Hi there... I saw you wild flower in HDR. Here is what I like best. I like the natural effect you processed with this flower. Your perspective seems to work quite well. Thanks for sharing.


----------



## goooner (Jun 14, 2016)

Nice shot and treatment. Is this a single shot HDR? I would have liked a little more space on top though.


----------



## 407370 (Jun 14, 2016)

goooner said:


> Nice shot and treatment. Is this a single shot HDR? I would have liked a little more space on top though.


Sort of.....


 
Single image in camera (I tried to bracket but it did not really get the effect I was looking for) then produced several versions with adjustments to light intensity but no changes to contrast. Dump the various images into Photomatix and blend to taste.
The reason the flower takes up the entire frame is that the more flower in the image the better the definition of the leaves gets. Even if you leave a wee bit of room for cropping it has a negative effect on the processing. I dont mind stuff at the edge of a frame but thats just me.


----------



## goooner (Jun 14, 2016)

Thanks for the detailed reply. I thought it was done this way to reduce the change of movement/ghosting.


----------



## 407370 (Jun 14, 2016)

goooner said:


> Thanks for the detailed reply. I thought it was done this way to reduce the change of movement/ghosting.

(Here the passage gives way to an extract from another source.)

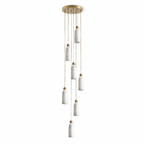 Alabaster Bell Cluster Pendant Lamp – product view 12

That as well. I did not have a tripod and bracketing is challenging hand held.


----------



## hdrbyspencer (Jun 14, 2016)

goooner said:


> Nice shot and treatment. Is this a single shot HDR? I would have liked a little more space on top though.

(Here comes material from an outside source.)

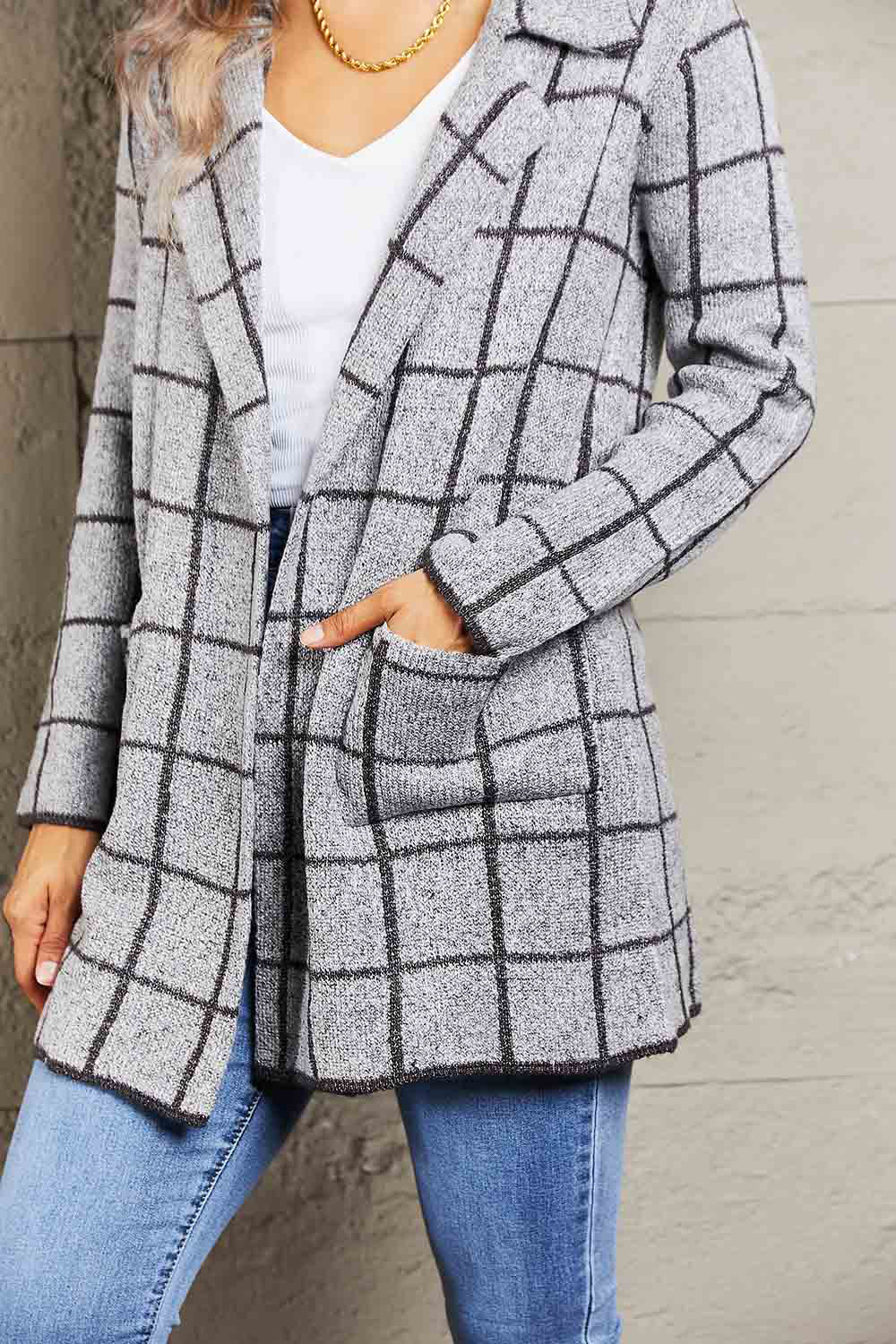 Lapel Collar Cardigan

I have a friend who likes to use the edge and beyond to create his own unique photos. It is a bit different and it is his art and his expression. Personally, I also like to leave a little bit of space. I think your mind needs that space to get engaged in the photo elements they are about to see. 

And... to each their own. Art (photography) is clearly subjective to the viewer.


----------